Māris Kučinskis/flickr.com/State Chancellery.
Latvia’s Transport Minister Uldis Augulis refused to comment on information reported by De Facto programme one week ago – that Rail Baltica organized Andris Linužs had signed a deal with an offshore company based in Seychelles and used by influential businessmen from St. Petersburg. Prime Minister Māris Kučinskis, on the other hand, told the programme that «deals associated with state security had been recorded in the past and represent a matter that warrants an investigation».

De Facto reminds that Seychelles-based Parmas Corporation is the central figure here. This company was mentioned in two separate litigations.

Parmas Corporation was used for money transfers by Russian mining company Phosagro.
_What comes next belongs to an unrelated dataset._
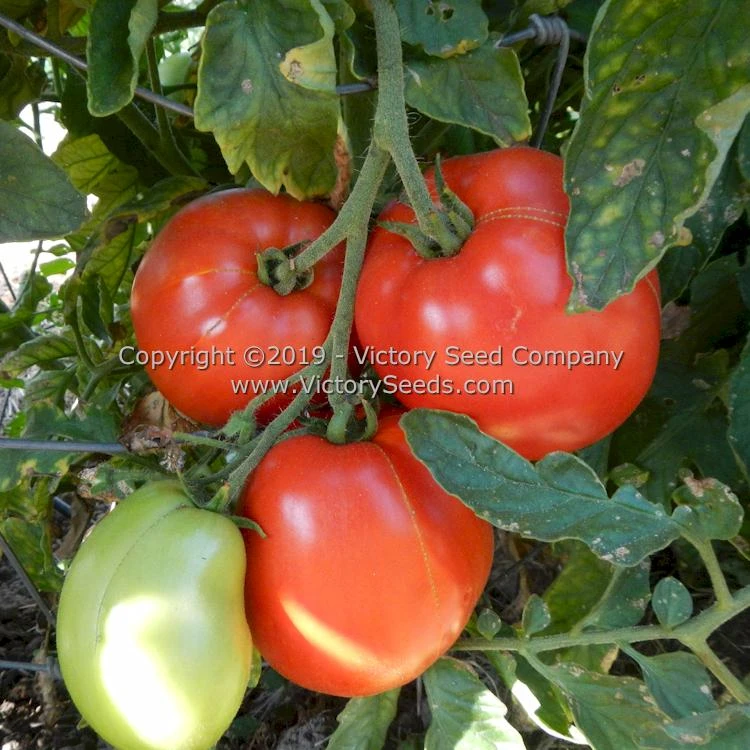 Oregon Star Tomato - Image 4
Its largest shareholders include Andrei Guryev, who is Russia’s 26th wealthiest person, and Vladimir Litvinenko. The latter is also rector in St. Petersburg Mining University. He was also Vladimir Putin’s election campaign’s manager in St. Petersburg.
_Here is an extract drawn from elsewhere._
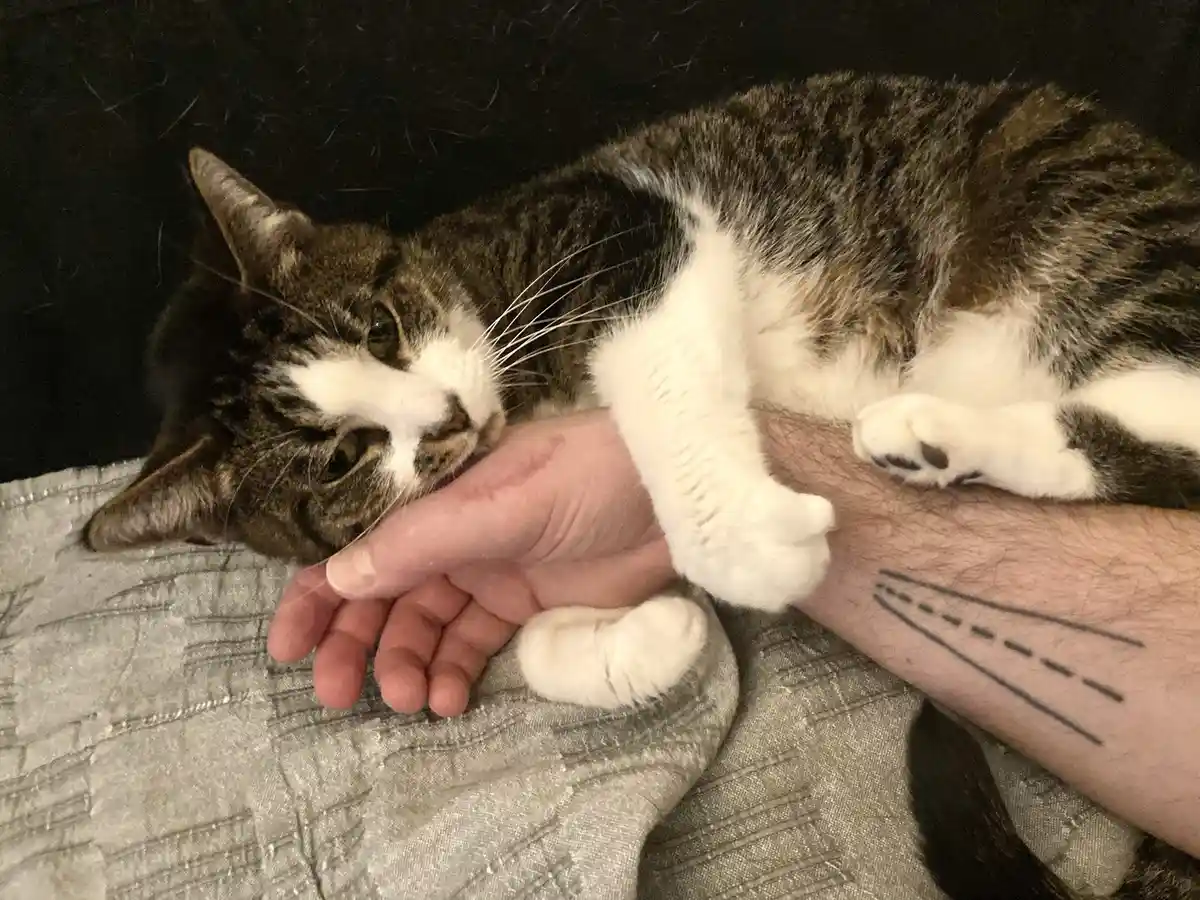 A tabby and white cat is lying on a person's arm, which has a road tattoo on the forearm. The cat's head is resting on the…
The agreement with the very same Parmas was signed by Andris Linužs several years ago. He is now in charge of state enterprise Eiropas dzelzceļa līnijas, which is responsible for Rail Baltica project’s realization in Latvia. Linužs had been given authority from Norvik Banka’s Malta-based fund and had given away to Seychelles-based offshore company enforcement rights for EUR 2.5 million the fund had invested in a real estate project near St. Petersburg before then, as reported by the programme.

Similar to a week ago, Linužs was too busy to find time for an interview with De Facto. He did provide written responses. However, he did not answer any direct questions. He provided no answers as to how he found the aforementioned offshore company and who were the people he signed the agreement with, LTV reports.
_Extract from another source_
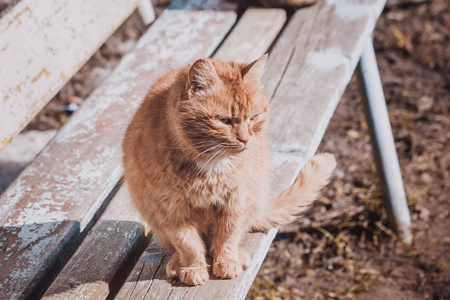 孤独的流浪猫一只流浪猫的画像.无家可归的孤独猫.不快乐和悲伤的猫.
Linužs mentioned that he is not «an authorized figure, true beneficiary or owner» in Parmas Corporation and Phosagro.

Linužs underlined again that he personally knows Litvinenko only as a student: «I’ve never had any private dealings with him». He called De Facto’s interest about dealings with Parmas as an attempt to tie the situation with political intrigues and elections.

The prime minister said he trusts law enforcement institutions to investigate this matter.